Va considerato, inoltre, che per quella che è la struttura tipica dell’ammortamento alla francese, per i primi anni le rate saranno costituite per una quota di interessi maggiore rispetto alla quota capitale, di conseguenza il debitore si troverà per molto tempo a vedere dei flussi finanziari in uscita piuttosto consistenti, avendo onorato solo una piccola parte del proprio debito.
A mio parere, questa previsione è incredibilmente (e anche ingiustificatamente) punitiva nei confronti di un debitore che, per quanto inadempiente, non merita tale severità.
Una piccola nota ulteriore, in merito ad alcune posizioni assunte sul tema attualizzazione degli interessi corrispettivi delle rate non scadute: anche qualora gli stessi venissero scontati alla data di stipula del contratto, non verrebbero azzerati – come è stato anche sostenuto.
Innanzitutto, solo in due casi un numero può diventare zero: o quando viene moltiplicato per zero, oppure quando viene diviso da un numero talmente più grande da farlo tendere a zero; in quest’ultimo caso, ho utilizzato in maniera un po’ impropria il concetto matematico di “limite”.

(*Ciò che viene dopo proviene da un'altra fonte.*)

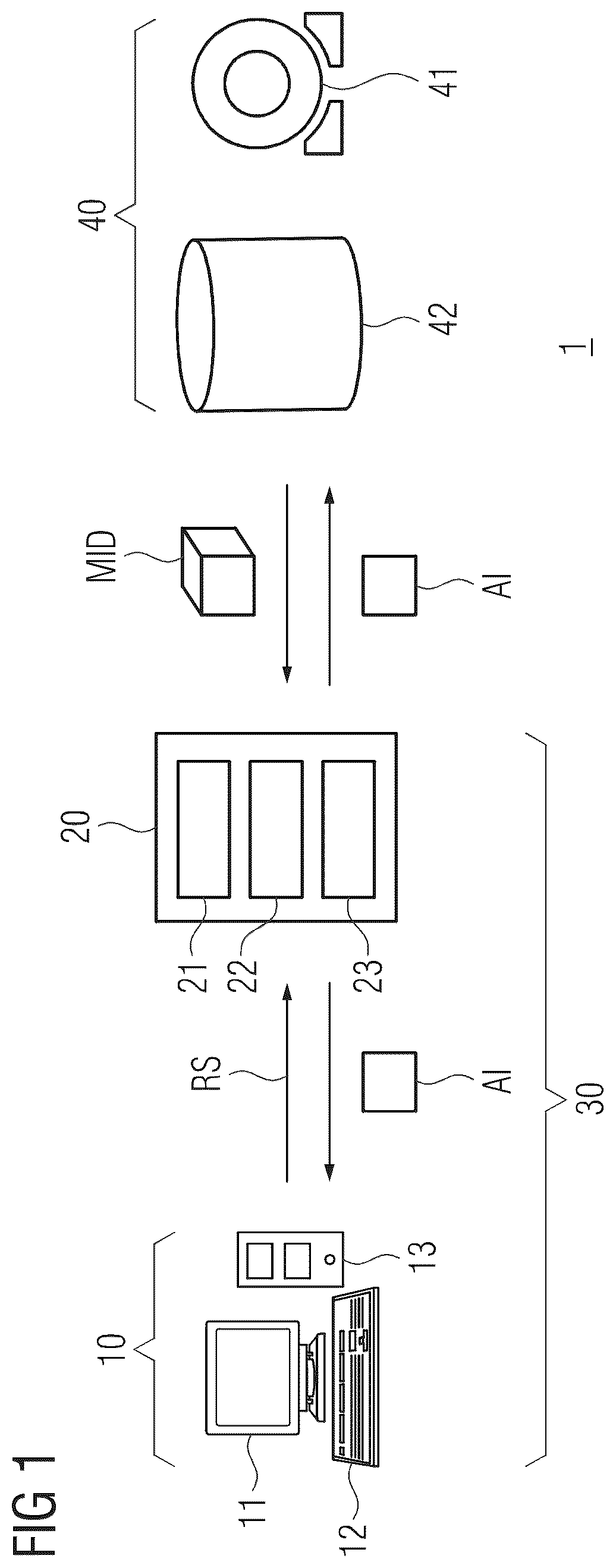 Patent US12106510 — Method and system for detecting landmarks in medical images — Figure 1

La “confusione” sul tema nasce dal fatto che il TAEG è quel valore che alla data di stipula del mutuo eguaglia tutti i versamenti futuri da parte del cliente con quanto erogato dalla banca – tradotto, è quel valore che azzera la differenza tra il flusso in entrata alla data di erogazione e la somma dei flussi in uscita con ogni rata.
In sostanza, ad essere azzerata è dunque una differenza (entrata presente meno somma delle uscite future), non il valore degli interessi corrispettivi, che saranno sì ridotti, ma non azzerati.
Ulteriori riflessioni
Oggi, con la crisi dovuta al Covid 19, capita spesso che i clienti bancari si trovino in mancanza di liquidità e facciano fatica a sostenere i propri debiti; abbiamo però avuto modo di vedere che, in alcuni casi, i “problemi di oggi” sono frutto degli “errori di ieri”: ad esempio, come tecnici abbiamo avuto modo di verificare che i mutui risentano molto di quella che è stata la bolla immobiliare scoppiata in seguito alla crisi del 2008. Sebbene le conseguenze non siano paragonabili a quelle della crisi dei mutui subprime nel mercato americano, oggi molti rapporti risentono del fatto di essere stati concessi tenendo a garanzia valori “gonfiati” e che non torneranno più; per questo, le stesse banche si troverebbero a pignorare immobili senza rientrare di un valore nemmeno lontanamente paragonabile a quello del debito residuo.
A volte, errori simili sono stati fatti anche nei confronti degli imprenditori, offrendo linee di credito a soggetti con bilanci non sempre in ordine.
Per queste ragioni, si ritiene che in tempi di crisi si dovrebbe essere più attenti e più disposti a mediare fra posizioni diverse, in modo tale da limitare i danni da entrambe le parti.